Understand the full costs
Unfortunately, refinancing your mortgage isn’t free. The fees involved in taking out a new loan can wind up costing you thousands of dollars, usually 2 percent to as much as 6 percent of the mortgage amount. You may not have to pay all that money up front, but even if the costs are rolled into your new loan, you’ll have to shell out for them eventually, plus interest.
“We see scenarios over and over again where, on the surface, you think ‘wow this is too good to be true,’ the interest rate is 2 percent or 2.25 percent,” Johnson said. “These deals, so to speak, are front-loaded with costs either by way of high origination fees or points.”

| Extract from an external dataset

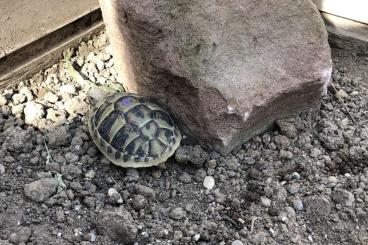 Tortoises kaufen und verkaufen Photo: Nachzuchten von 2020, 2021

He also noted that if you’ve refinanced a few times before, you may have a bigger balance on your loan than you realize, and refinancing again with costs rolled in will grow the amount you owe.
“Proceed carefully and always get a loan estimate and make sure that you understand it,” he said. “And if you don’t understand it, it never hurts to engage another party to help you understand it.”
Figure out when you’ll break even
“What you want to do is look at what you can save per month and how much it’s going to cost you and what your breakeven period is,” Andrews said.
The breakeven period is how long it will take you to pay off the costs of closing on a new mortgage and start realizing the savings from a lower rate and lower monthly payments. Andrews said for most people, it’s only worthwhile to refinance if your breakeven period is two years or less.
Johnson agreed that keeping the breakeven period in mind is crucial to figuring out if it’s worth refinancing.
To help simplify that calculation, Johnson said he usually recommends maintaining your repayment period when refinancing.
“If a person has 10 years left, I’d try to encourage them to refinance into a 10-year mortgage, not a 15, 20 or 30,” he said. “Once you factor closing costs into the equation, the breakeven sometimes isn’t even there.”
When refinancing will cost you more in the long-run, it’s only worth it if you need the budget flexibility that lower monthly payments can help you achieve. Otherwise, saddling yourself for decades more of mortgage payments may not be beneficial.
Do your research
“The biggest thing, it’s so easy to shop around, you definitely should and you also want to be comfortable and trust whoever it is you end up working with,” Johnson said.
Andrews agreed with Johnson.
“The best way is to check with a mortgage professional,” he said. “If you’ve gotten a mortgage recently and you can lower your interest rate by point 75 or 1 percent, then it’s usually worth it.”
Now is a great time to consider refinancing your mortgage, but before you go through with applying, it’s important to figure out what you’re hoping to achieve by getting a new loan. Low interest rates make the prospect attractive, but that doesn’t mean getting a new mortgage is the right step for everyone.
“Customers we run into are sort of on autopilot. All they see is the interest rate,” Johnson said.
Beyond the interest rate, you need to get a handle on how much securing a new loan will cost, and if you’ll ever get that money back in savings.
Even if you are going to save a little bit of money, Andrews said, it’s important to weigh the non-monetary costs, too.
“Refinancing is not the most pleasant thing you’ll go through, but if you’re going to save a bunch of money then it’s worth it.”